Provided information:
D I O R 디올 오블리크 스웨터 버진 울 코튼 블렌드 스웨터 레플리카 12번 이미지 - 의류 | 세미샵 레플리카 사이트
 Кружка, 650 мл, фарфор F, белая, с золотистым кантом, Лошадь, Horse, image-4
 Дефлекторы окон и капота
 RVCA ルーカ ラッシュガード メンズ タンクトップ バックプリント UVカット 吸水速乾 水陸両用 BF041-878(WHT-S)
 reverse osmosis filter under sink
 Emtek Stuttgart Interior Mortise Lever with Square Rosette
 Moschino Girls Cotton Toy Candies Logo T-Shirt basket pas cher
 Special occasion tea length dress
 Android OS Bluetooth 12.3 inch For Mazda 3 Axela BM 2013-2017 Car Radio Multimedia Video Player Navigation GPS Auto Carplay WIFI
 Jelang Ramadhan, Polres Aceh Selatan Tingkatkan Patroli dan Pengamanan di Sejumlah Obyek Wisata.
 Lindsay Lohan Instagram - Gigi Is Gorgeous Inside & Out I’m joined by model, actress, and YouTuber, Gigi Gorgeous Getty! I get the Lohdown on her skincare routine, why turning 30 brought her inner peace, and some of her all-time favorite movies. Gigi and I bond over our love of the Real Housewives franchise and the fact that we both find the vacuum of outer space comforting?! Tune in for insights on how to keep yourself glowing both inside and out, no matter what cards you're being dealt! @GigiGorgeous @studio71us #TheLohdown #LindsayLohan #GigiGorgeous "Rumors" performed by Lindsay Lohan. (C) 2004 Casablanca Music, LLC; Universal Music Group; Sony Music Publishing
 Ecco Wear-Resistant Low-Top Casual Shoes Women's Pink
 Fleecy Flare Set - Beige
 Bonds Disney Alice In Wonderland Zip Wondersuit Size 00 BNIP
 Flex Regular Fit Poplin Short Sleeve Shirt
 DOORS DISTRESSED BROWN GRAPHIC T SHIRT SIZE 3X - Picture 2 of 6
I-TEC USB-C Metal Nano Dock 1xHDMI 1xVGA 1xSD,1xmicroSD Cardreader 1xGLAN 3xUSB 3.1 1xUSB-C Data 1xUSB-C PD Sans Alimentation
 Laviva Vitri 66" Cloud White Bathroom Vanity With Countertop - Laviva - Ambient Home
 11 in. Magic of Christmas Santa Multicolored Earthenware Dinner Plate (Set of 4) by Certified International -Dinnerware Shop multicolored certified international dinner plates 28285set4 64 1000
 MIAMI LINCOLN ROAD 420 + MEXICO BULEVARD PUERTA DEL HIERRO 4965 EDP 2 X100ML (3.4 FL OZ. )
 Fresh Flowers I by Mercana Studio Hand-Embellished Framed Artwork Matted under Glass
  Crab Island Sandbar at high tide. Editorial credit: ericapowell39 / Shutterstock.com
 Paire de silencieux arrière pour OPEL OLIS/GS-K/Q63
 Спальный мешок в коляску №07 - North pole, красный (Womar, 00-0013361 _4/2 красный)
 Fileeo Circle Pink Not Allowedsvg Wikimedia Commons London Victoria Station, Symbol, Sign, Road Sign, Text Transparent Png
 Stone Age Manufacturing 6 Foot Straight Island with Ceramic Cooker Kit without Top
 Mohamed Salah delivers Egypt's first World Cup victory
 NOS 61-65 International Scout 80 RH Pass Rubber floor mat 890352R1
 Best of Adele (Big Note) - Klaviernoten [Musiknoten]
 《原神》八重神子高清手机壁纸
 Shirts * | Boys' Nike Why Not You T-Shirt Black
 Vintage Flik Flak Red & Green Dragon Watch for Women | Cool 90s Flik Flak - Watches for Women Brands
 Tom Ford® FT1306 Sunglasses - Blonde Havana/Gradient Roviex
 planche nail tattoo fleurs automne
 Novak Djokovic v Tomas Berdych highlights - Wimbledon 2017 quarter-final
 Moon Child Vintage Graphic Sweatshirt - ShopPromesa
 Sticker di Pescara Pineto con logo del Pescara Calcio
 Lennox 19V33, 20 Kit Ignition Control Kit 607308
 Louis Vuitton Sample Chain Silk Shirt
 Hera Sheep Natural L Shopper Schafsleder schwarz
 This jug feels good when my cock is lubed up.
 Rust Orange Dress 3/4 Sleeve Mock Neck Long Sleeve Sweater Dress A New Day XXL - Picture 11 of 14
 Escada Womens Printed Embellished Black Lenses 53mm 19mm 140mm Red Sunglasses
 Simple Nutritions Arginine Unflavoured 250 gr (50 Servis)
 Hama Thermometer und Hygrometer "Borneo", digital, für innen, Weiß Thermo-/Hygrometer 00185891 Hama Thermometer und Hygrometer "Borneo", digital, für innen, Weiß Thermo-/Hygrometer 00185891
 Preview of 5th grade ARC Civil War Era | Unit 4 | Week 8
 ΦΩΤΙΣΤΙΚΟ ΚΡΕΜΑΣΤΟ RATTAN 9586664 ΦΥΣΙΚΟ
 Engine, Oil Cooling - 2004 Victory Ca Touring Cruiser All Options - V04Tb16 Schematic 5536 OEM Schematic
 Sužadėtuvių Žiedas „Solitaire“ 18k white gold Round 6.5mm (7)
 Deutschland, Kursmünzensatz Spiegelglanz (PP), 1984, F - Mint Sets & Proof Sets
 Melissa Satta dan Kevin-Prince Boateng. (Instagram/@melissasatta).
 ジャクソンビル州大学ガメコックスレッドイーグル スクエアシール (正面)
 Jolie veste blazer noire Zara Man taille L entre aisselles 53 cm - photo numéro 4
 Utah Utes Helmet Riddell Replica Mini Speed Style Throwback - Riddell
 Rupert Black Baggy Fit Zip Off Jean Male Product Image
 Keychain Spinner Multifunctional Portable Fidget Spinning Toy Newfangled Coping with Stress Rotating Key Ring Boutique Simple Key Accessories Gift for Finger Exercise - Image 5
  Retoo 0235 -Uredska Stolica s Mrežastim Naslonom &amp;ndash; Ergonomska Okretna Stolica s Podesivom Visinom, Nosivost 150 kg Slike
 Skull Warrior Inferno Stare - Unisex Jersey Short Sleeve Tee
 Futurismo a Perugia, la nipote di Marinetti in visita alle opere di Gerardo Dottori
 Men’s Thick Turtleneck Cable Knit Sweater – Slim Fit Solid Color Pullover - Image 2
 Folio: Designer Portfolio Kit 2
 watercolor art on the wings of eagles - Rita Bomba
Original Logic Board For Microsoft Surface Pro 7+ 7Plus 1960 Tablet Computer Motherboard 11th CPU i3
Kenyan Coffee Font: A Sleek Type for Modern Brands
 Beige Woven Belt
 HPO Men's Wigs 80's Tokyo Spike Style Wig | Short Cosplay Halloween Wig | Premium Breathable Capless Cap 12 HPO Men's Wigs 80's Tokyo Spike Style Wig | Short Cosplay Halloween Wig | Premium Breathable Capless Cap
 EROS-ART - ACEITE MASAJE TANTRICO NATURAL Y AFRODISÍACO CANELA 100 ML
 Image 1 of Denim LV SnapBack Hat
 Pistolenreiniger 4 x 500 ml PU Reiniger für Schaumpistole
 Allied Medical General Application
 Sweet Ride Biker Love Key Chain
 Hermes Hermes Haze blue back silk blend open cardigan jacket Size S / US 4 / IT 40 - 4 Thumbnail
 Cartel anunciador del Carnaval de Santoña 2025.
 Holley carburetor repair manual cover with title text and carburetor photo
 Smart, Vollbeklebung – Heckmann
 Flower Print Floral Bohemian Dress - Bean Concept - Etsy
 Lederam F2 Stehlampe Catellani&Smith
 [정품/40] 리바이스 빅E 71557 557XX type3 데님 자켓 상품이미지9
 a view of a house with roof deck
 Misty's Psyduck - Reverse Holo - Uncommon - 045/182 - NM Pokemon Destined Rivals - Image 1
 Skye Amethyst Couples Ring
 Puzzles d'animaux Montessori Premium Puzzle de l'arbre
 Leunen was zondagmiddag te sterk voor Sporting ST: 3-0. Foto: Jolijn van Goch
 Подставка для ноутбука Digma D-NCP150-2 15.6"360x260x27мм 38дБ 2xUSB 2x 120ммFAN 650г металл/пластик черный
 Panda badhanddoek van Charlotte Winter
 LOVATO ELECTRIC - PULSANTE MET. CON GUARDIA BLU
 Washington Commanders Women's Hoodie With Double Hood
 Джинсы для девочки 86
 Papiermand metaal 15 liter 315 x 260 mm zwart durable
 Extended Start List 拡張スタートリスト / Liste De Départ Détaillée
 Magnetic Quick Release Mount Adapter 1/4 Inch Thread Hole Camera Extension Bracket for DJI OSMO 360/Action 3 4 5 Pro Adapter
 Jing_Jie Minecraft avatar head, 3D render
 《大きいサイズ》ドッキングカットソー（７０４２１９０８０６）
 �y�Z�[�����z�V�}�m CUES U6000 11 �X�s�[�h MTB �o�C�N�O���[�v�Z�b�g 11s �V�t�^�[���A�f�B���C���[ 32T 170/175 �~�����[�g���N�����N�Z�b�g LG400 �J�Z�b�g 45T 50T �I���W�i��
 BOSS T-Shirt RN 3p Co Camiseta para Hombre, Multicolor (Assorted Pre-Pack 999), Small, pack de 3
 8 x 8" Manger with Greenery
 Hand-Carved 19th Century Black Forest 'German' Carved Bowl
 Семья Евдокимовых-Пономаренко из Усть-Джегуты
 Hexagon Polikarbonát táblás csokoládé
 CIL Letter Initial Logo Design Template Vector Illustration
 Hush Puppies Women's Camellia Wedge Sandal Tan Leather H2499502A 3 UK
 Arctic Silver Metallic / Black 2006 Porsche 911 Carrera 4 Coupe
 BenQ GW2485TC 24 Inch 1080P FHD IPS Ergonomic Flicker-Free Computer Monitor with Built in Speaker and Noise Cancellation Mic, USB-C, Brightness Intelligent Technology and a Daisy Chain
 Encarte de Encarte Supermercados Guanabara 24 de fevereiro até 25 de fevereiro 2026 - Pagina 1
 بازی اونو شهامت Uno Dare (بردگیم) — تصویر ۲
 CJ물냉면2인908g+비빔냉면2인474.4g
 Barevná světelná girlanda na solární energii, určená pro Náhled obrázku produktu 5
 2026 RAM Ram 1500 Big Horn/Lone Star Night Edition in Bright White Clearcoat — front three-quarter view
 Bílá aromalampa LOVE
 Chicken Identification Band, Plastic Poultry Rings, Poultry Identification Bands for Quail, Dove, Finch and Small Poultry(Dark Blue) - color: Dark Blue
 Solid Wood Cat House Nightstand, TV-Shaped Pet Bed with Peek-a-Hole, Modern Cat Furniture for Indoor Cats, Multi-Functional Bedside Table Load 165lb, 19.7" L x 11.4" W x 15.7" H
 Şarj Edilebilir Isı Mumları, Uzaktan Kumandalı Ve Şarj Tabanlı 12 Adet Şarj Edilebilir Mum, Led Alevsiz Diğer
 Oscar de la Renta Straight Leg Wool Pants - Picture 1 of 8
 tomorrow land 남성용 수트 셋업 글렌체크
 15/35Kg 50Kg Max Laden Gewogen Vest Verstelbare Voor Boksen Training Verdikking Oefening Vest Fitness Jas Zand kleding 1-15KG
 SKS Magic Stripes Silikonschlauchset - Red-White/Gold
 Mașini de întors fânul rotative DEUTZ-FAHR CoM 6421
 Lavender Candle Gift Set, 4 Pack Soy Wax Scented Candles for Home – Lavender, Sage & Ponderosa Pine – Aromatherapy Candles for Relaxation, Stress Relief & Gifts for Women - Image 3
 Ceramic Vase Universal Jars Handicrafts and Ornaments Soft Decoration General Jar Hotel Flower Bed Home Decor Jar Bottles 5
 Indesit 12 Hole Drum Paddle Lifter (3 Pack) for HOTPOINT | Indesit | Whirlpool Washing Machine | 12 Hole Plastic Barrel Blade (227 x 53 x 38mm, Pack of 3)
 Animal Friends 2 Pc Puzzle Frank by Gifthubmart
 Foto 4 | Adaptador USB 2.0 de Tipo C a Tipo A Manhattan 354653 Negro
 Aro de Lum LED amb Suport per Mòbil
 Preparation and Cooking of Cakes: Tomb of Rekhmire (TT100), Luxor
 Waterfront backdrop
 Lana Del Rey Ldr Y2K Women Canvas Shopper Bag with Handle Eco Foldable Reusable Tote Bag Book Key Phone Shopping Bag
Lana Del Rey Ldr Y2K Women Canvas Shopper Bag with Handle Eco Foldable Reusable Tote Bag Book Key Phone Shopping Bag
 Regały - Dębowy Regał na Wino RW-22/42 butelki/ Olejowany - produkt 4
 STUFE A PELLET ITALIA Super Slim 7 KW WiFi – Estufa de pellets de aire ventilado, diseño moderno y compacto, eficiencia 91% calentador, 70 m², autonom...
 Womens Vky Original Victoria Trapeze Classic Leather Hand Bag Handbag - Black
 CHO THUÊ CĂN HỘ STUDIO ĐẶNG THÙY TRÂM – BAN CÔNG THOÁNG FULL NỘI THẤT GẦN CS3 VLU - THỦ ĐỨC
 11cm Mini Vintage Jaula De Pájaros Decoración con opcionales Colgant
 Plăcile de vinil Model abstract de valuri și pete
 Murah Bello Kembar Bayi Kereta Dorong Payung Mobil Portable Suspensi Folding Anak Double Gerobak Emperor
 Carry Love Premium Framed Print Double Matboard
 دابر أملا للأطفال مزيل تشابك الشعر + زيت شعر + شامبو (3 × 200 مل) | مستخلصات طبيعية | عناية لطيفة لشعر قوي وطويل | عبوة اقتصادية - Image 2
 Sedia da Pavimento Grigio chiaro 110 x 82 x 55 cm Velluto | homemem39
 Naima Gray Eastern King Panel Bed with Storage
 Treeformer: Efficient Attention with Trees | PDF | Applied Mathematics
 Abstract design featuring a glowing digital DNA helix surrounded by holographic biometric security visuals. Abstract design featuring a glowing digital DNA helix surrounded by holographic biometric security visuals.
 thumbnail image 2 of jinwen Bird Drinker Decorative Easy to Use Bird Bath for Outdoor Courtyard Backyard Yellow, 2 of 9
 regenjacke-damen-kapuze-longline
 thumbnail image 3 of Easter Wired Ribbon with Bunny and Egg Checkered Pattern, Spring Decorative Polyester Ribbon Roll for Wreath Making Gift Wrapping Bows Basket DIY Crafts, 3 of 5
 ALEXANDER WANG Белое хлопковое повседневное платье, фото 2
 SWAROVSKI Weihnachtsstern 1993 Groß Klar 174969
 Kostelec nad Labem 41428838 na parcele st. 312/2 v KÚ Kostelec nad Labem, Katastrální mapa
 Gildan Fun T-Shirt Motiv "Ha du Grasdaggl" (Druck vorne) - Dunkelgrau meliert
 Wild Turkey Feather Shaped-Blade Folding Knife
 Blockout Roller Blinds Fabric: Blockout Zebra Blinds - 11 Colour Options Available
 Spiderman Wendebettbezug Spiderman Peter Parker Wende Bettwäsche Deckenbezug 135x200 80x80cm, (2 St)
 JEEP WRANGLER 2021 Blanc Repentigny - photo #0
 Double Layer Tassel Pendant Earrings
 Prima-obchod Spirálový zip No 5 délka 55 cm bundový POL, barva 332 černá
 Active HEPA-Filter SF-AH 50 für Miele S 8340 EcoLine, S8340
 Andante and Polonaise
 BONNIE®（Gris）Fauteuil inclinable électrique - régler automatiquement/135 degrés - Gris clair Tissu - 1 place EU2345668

Work instructions: Go back to the listing above. Copy word for word the lines from the one with "Novak Djokovic v" through the one with "ジャクソンビル州大学ガメコックスレッドイーグル スクエアシール (正面)", and nothing more.

Solution for this exercise:
 Novak Djokovic v Tomas Berdych highlights - Wimbledon 2017 quarter-final
 Moon Child Vintage Graphic Sweatshirt - ShopPromesa
 Sticker di Pescara Pineto con logo del Pescara Calcio
 Lennox 19V33, 20 Kit Ignition Control Kit 607308
 Louis Vuitton Sample Chain Silk Shirt
 Hera Sheep Natural L Shopper Schafsleder schwarz
 This jug feels good when my cock is lubed up.
 Rust Orange Dress 3/4 Sleeve Mock Neck Long Sleeve Sweater Dress A New Day XXL - Picture 11 of 14
 Escada Womens Printed Embellished Black Lenses 53mm 19mm 140mm Red Sunglasses
 Simple Nutritions Arginine Unflavoured 250 gr (50 Servis)
 Hama Thermometer und Hygrometer "Borneo", digital, für innen, Weiß Thermo-/Hygrometer 00185891 Hama Thermometer und Hygrometer "Borneo", digital, für innen, Weiß Thermo-/Hygrometer 00185891
 Preview of 5th grade ARC Civil War Era | Unit 4 | Week 8
 ΦΩΤΙΣΤΙΚΟ ΚΡΕΜΑΣΤΟ RATTAN 9586664 ΦΥΣΙΚΟ
 Engine, Oil Cooling - 2004 Victory Ca Touring Cruiser All Options - V04Tb16 Schematic 5536 OEM Schematic
 Sužadėtuvių Žiedas „Solitaire“ 18k white gold Round 6.5mm (7)
 Deutschland, Kursmünzensatz Spiegelglanz (PP), 1984, F - Mint Sets & Proof Sets
 Melissa Satta dan Kevin-Prince Boateng. (Instagram/@melissasatta).
 ジャクソンビル州大学ガメコックスレッドイーグル スクエアシール (正面)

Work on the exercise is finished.